• _Given information_:
··········

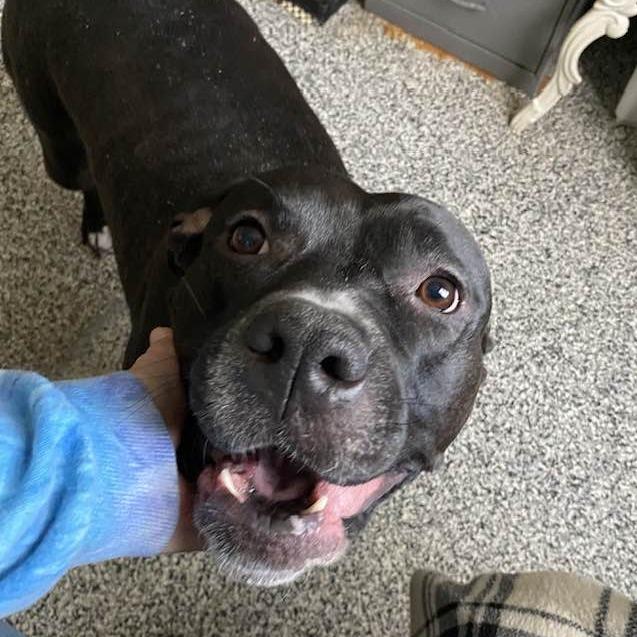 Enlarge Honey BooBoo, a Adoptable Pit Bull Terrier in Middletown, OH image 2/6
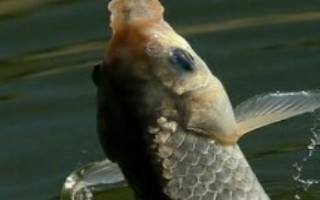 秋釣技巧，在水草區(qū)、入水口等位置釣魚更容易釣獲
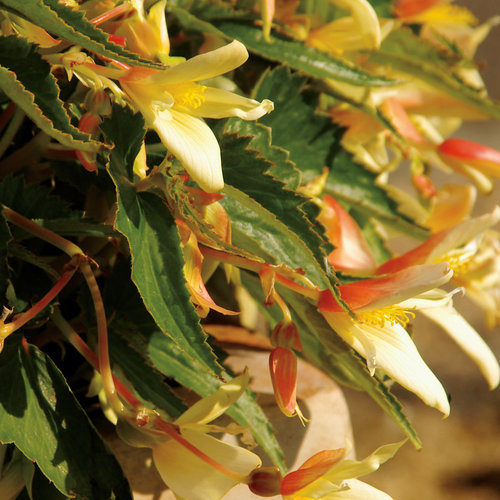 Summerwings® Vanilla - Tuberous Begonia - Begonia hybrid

··········

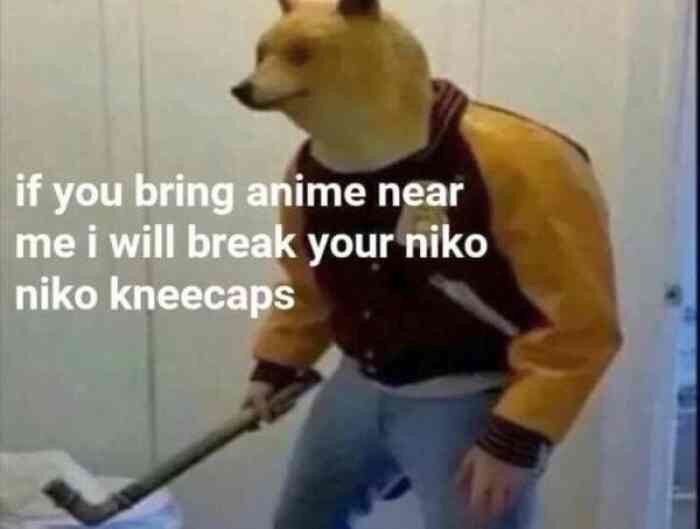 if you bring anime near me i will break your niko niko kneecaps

··········

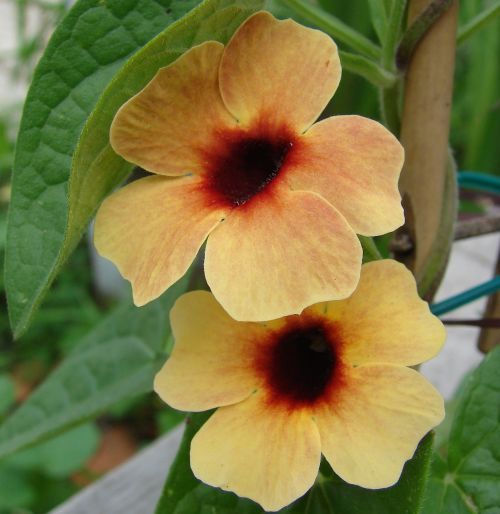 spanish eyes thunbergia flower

··········

Retype, exactly and with no pictures, everything above from the line with "Enlarge Honey BooBoo, a" down to the line with "Summerwings® Vanilla - Tuberous", both included.

• _Response to the task_:
 Enlarge Honey BooBoo, a Adoptable Pit Bull Terrier in Middletown, OH image 2/6
 秋釣技巧，在水草區(qū)、入水口等位置釣魚更容易釣獲
 Summerwings® Vanilla - Tuberous Begonia - Begonia hybrid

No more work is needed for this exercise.